'Instant cities' to manage booming Asian population

The global population is booming, much of it in urban areas. Nowhere is this more apparent in Asia. How will we cope? Greg Lindsay suggests the instant city.

As the population of Asian countries continues to boom, there's a simple question many officials are asking themselves: where do we put all these people?

Aerotropolis author Greg Lindsay -- if the name sounds familiar, it's because we interviewed him in April -- writes in Slate that "instant cities," metropolises built from scratch, may be "the defining challenge of our era."

He writes:

The earth’s urban population will nearly double by 2050, requiring the construction of hundreds of new cities. China is already building the equivalent of a Rome every few weeks to absorb the 400 million migrants streaming in from the countryside. The question facing us as an urban species isn’t whether to build cities tabula rasa, but how.
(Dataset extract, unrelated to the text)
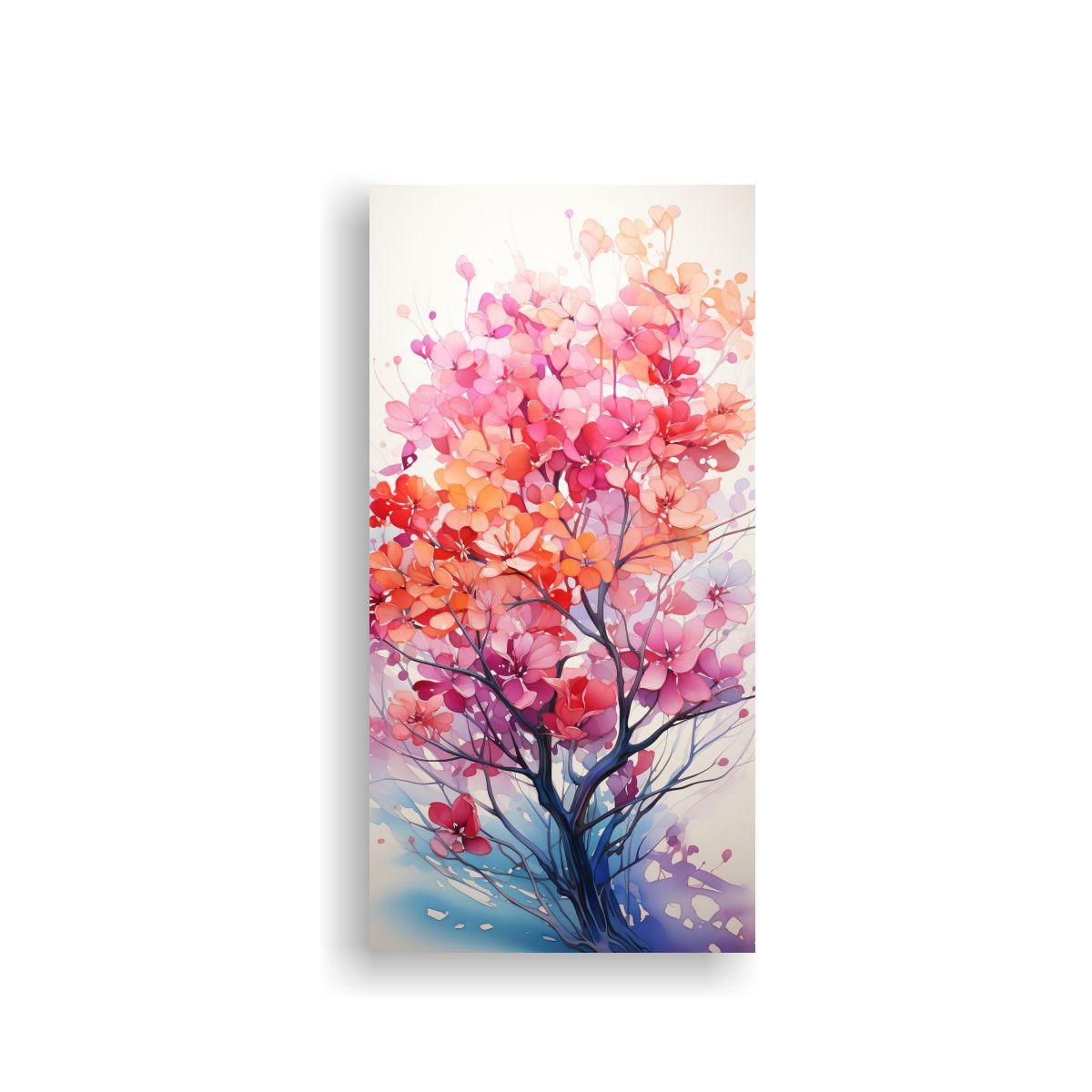 Pintura Abstracta De Colores Arcoíris En árbol D 70x140cm-0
And nowhere is this dilemma more pressing than in Asia.

The utopian city is a common theme across generations, from the Brazilian capital of Brasilia to the U.S. capital of Washington, but at no point in history has humanity had so many opportunities to experiment.

The reasons all-new cities are attractive to Asia:

  • Dense, efficient cities help combat climate change.
  • Pollution is already a major issue in China and neighboring nations.
  • The rate of population growth is so high, and it takes so long to work in an existing city, that building anew may be the only way to meet demand.

Lindsay offers several examples of projects already underway, including China's Mentougou Eco Valley; a retrofit of Langfang, also in China; Sino-Singapore Tianjin Eco-City; and Songdo, in Korea . (The New York Times published a report yesterday on Panasonic's similar work to build a new "smart city" in Japan.)

The challenge, of course, is to build a city that people will want to move to. Human history is littered with pristine projects in pursuit of the ideal but shattered by reality. We all know that our current cities aren't serving us as well as they could. Are we just too busy to think big?